Kimin işine yarar?

Gazetelere protestolar olur. Alışık olduğumuz şeyler bunlar. Köşe yazarına veya manşete kızanlar olur. Toplaşır üç beş kişi gelir protesto eder gider.

Bu da demokrasinin bir parçası ve yaptığımız işin doğası. Biz istediğimiz gibi yazabiliyorsak birileri de yazdıklarımızı beğenmeyebilir...

Ancak...

Yüzleri maskelerle kapayıp, gecenin bilmem kaçında bir gazeteyi basmak, yağmalamak eşkıyalıktan da öte garip ve şüpheli bir eylem...

Hemen ardından başlayan "Kim yapmış olabilir?" sorularına yol açmak için yapılan bir icraat. Yeniçağ "Camlar indi, araçlarımız tahrip edildi, masalar dağıtıldı, artık yayın politikamızı değiştirelim!" demeyeceğine göre ve en özürlü protestocunun dahi bunu bilebileceğine göre amaç farklı...

Peki amaç ne olabilir?

Amaç "kim yaptı?" sorusunu sorarken birbirimize bakmamızı sağlamak...

Ülkücüler arasına "fitne" sokmak...

Neden mi?

Türkiye önemli günlerden geçiyor.

Belli ki birileri bu süreçte Ülkücüler arasındaki "yönetim" merkezli tartışmanın "kavgaya" dönüşmesinden menfaat umuyor.

Safların keskinleşmesinden kârlı çıkacaklar var. 

Birileri için bölük-pörçük bir MHP'nin yer aldığı "yeni Türkiye" daha güzel olacak...

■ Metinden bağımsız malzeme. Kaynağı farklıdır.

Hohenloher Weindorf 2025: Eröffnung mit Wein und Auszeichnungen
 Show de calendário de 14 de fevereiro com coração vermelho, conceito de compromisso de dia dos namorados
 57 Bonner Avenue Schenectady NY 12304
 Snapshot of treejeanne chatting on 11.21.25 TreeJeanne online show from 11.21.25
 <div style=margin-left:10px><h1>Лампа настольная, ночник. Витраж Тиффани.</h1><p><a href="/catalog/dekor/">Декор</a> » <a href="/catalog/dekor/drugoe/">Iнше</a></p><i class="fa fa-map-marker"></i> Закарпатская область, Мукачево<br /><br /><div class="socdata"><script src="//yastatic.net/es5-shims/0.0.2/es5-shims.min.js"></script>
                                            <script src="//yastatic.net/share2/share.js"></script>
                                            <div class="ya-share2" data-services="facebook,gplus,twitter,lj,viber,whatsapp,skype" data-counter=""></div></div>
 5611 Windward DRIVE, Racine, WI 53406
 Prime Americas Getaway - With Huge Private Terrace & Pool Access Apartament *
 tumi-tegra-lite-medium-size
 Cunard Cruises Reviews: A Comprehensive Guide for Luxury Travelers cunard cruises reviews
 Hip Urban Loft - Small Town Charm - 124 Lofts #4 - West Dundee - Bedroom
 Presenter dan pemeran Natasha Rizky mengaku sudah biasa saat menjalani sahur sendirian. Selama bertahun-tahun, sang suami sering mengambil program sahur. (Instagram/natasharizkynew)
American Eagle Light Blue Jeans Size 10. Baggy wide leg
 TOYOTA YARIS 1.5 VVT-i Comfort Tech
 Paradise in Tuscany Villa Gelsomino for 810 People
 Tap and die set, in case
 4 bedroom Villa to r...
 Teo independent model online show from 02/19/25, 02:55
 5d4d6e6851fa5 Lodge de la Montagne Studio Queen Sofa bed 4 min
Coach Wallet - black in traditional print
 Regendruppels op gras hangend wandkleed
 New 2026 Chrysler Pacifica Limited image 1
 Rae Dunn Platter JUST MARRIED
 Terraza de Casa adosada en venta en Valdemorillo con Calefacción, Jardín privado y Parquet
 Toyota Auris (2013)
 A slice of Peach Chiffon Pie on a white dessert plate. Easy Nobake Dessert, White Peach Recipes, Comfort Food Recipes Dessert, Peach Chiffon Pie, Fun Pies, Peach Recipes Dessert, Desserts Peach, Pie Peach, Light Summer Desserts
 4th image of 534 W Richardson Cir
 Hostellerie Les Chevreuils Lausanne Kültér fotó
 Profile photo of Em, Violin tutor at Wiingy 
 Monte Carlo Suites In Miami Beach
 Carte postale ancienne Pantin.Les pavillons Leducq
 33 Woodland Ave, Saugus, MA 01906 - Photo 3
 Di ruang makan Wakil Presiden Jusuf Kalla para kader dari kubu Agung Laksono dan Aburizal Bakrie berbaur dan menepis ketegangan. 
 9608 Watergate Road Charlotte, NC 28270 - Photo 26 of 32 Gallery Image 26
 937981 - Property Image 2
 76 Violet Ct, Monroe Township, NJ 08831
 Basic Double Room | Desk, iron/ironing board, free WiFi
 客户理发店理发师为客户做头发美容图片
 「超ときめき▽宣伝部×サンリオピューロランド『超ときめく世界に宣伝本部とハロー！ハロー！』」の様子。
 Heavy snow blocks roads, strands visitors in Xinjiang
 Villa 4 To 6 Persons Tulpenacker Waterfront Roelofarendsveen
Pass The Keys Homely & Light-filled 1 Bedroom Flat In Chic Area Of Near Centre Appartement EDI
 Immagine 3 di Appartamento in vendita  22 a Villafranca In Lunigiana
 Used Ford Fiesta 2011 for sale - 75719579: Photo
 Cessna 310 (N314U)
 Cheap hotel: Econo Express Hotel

Hatta MHP'siz bir Türkiye onlar için "ballı börek" olacak...

Kimin işine yarar bu?

Ülkücülerin işine yaramayacağı kesin.

O yüzden bu saldırının arkasında "Ülkücü" bulamazsınız diyenlerdenim...

***

Başkanın Sistemi...

Teklifi derinlemesine analiz etmeden, şöyle bir göz atınca her şeyi Cumhurbaşkanı'na bağlama gayreti göze çarpıyor.

Hükümeti kurma, dağıtma, kararname çıkartma, HSYK'ya üye atama, OHAL ilan etme, her şey doğrudan veya dolaylı, bir kişiye bağlanmış.

Ben bu yüzden teklife "Başkanın Sistemi" diyorum...

Özetleyeyim...

Yeni dönemde yürütme yetkisi Bakanlar Kurulu'ndan Cumhurbaşkanı'nda toplanıyor.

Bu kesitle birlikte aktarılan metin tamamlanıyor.